* **Material shown**:
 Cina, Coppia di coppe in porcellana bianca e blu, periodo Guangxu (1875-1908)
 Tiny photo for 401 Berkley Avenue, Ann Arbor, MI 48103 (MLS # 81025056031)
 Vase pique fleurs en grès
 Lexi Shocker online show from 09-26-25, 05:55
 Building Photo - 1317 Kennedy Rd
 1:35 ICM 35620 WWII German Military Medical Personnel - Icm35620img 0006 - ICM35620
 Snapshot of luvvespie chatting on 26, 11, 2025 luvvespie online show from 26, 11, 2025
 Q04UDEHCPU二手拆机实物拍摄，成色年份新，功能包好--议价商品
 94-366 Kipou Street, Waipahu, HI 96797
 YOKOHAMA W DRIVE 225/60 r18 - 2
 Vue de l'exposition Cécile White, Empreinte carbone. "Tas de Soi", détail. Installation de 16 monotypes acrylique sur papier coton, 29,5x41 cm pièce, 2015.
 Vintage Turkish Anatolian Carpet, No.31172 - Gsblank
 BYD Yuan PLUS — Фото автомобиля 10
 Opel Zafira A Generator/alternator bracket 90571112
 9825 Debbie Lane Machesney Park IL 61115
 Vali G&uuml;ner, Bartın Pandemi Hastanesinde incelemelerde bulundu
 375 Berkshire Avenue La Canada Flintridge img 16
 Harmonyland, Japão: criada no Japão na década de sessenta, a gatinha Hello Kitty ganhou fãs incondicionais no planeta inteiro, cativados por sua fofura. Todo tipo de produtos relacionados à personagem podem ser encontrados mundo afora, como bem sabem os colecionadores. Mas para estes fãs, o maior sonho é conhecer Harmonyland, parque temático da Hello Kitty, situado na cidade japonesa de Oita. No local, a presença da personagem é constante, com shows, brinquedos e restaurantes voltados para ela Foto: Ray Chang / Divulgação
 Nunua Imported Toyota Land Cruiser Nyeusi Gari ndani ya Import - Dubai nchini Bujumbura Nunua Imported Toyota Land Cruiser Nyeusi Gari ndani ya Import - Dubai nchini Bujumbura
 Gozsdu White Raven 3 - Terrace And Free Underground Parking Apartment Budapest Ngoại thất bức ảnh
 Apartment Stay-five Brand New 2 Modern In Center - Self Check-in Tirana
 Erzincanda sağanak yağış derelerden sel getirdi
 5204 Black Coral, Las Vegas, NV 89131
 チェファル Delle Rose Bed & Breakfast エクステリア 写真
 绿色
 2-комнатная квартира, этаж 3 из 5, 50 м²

* **Goal of the exercise**: Look through the data and show every line containing "from".

* **Problem solution**:
 Lexi Shocker online show from 09-26-25, 05:55
 Snapshot of luvvespie chatting on 26, 11, 2025 luvvespie online show from 26, 11, 2025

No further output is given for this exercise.